The same scenario which has been employed for Figure 4.2 is also used for Figure 4.3. While the x-axis still presents the progress of system time, the y-axis now presents the share of computation time between two measured points in time. Like in the previous measurement, points display the moment of time when a process has been dispatched from the CPU. To reduce variation of percentages, not every single moment of dispatch time is employed, but a process needed to accumulate at least 30 ms of computation time. Only then, a measurement is taken. The results of this experiment show that the percentages of all processes are close to their reserved fraction of bandwidth.

Transfer of Allocated Capacities

The credit mechanism provided by syncopation allows the transfer of fractions of reserved CPU bandwidth to cooperating processes.
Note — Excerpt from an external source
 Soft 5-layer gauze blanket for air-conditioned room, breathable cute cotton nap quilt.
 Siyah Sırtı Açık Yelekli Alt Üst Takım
To display the effectiveness of this transfer, a scenario to simulate a simple client/server relation between two processes has been designed. Process A serves as a client and starts with a reservation of 40% of CPU bandwidth, while process A represents a server with an initial reservation of 10%. After some time, process A transfers 30% of total reservation, so that utilized bandwidths between A and B are exchanged. After waiting for some more jiffies process A recollects its credit from process B so that the initial distribution is restored. In this scenario, both processes utilize more bandwidth than guaranteed. This is due to the fact that only 25% of bandwidth are allocated by the best-effort share. Another 25% are unreserved and thus allocated according to the proportional reservations of the best-effort share and processes A and B.

Figure 4.4 displays the progress of both processes as previously presented in the other scenarios. Tickets are transferred at an approximated relative system time of 0.35 seconds. After that, both processes have exchanged progress rates until at 0.73 seconds, tickets are recollected.

Figure 4.4: Transfer - Process Progress
\includegraphics {messungen/a_transfer.eps}

The percentages of CPU consumption for this scenario are displayed in Figure 4.5. The method employed for this measurement is the same as described in Section 4.3. The percentages show that the sequences of allocations of both processes automatically synchronize after some allocations to find almost identical patterns of allocation.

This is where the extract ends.